Sunday, 20 March 2011

Ouch that hurts...hello IBM quality control are you out there?

Further analysing the code in lsxsd.lss I'm utterly disgusted about the code I find. I'm sorry to use such strong words, but it reflects how bad it is. I have looked at the NotesStream to Base64 encoding (XSD_DATATYPE_CONVERTER.notesStreamToBase64) in particular. For my file download tests a used a 3.2MB image file and the method got the server to its knees. Here are the reasons for it:

  1. The  method  returns a string and hence uses string concatenation to build the return value. The problem with that is that as longer a string gets, the longer a string concatenation takes. Now this is not a linear increase,  but an exponential one.
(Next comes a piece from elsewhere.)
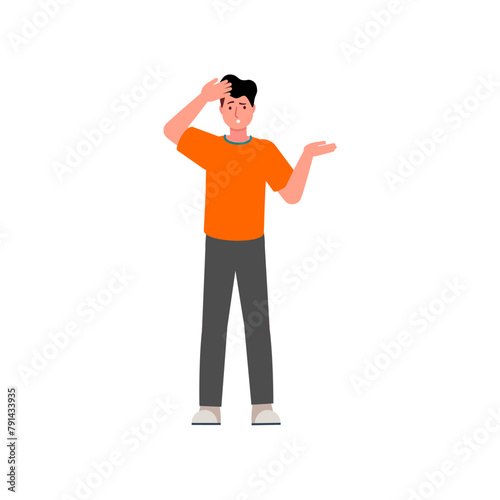 poses of people in orange clothes with various expressions face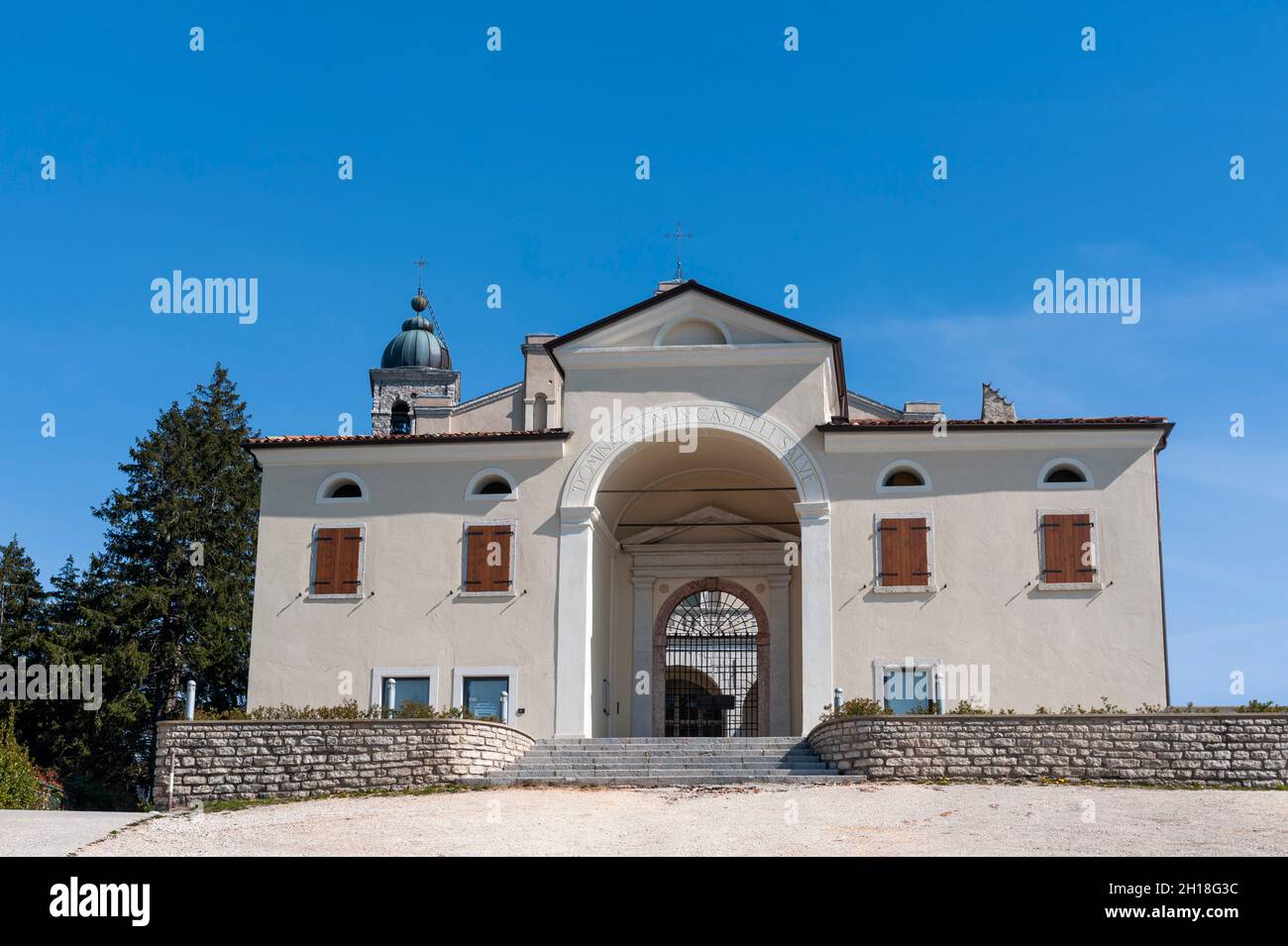 The facade of the Santuario di Montecastello, Roman Catholic church. Tignale, Lombardia, Italy. Stock Photo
To a point that any string concatenation with a 2MB string takes pretty much forever in server code execution terms.
  2. The method reads in the Notes stream byte by byte...OUCH!!! This is probably the best way to render the NotesStream class useless.
  3. Though only handling Strings, the concatenation is done not using the + (String) operator, but using the much slower & (Variant) operation.  
Here is the original code (I have highlighted the most significant 2 lines of code):

Function notesStreamToBase64 (ns As NotesStream) As String
Const b64Chars$ = "ABCDEFGHIJKLMNOPQRSTUVWXYZabcdefghijklmnopqrstuvwxyz0123456789+/"
Dim nsLength As Long
nsLength = ns.Bytes
ns.Position = 0
Dim numPads As Integer
numPads = (3 - (nsLength Mod 3)) Mod 3
While nsLength > 0
' Output lines are limited to 76 chars, and because every
' three input bytes produce 4 output chars we process
' up to 57 input bytes at a time. (57 = 76 / 4 * 3)
Dim inLength As Long
inLength = nsLength
If inLength > 57 Then inLength = 57
nsLength = nsLength - inLength
Dim outString As String
outString = ""
Dim idx As Integer
idx = 0
While idx < inLength
' Collect up to 24 bits (3 bytes) of input data
Dim outBits As Integer
outBits = 0
Dim bits24 As Long
bits24 = 0
Dim i As Integer
For i = 0 To 2
bits24 = bits24 * 256
If idx + i < inLength Then
Dim buf As Variant
buf = ns.Read(1&)
bits24 = bits24 + buf(0)
outBits = outBits + 8
End If
Next
idx = idx + 3
Dim numChars As Integer
numChars = 4
If outBits <> 24 Then
numChars = 4 - numPads
End If
For i = 1 To numChars
Dim bits6 As Integer
bits6 = (bits24 And &HFC0000&) / 262144
outString = outString & Mid$(b64Chars, bits6 + 1, 1)
bits24 = (bits24 And &H3FFFF&) * 64
Next
If numChars <> 4 Then
For i = 1 To numPads
outString = outString & "="
Next
End If
Wend
' Add another line of base64 output to the return string
notesStreamToBase64 = notesStreamToBase64 & outString & Chr$(13) & Chr$(10)
Wend
End Function

And this is how it could (should) look like:

Function notesStreamToBase64 (ns As NotesStream) As NotesStream
On Error GoTo errhandle
Print Now
Const b64Chars$ = "ABCDEFGHIJKLMNOPQRSTUVWXYZabcdefghijklmnopqrstuvwxyz0123456789+/"
Dim batchsize As Long
Dim inLength  As Long
Dim outString As String
Dim idx       As Long
Dim outBits   As Long
Dim bits24    As Long
Dim i         As Long
Dim nsLength  As Long
Dim numPads   As Long
Dim buf       As Variant
Dim numChars  As Long
Dim bits6     As Long
Dim bufcnt    As Long
Set notesStreamToBase64 = session.Createstream()
batchsize   = 57
bufcnt      = 32766
nsLength    = ns.Bytes
inLength    = batchsize
ns.Position = 0
numPads = (3 - (nsLength Mod 3)) Mod 3
While nsLength > 0
' Output lines are limited to 76 chars, and because every
' three input bytes produce 4 output chars we process
' up to 57 input bytes at a time. (57 = 76 / 4 * 3)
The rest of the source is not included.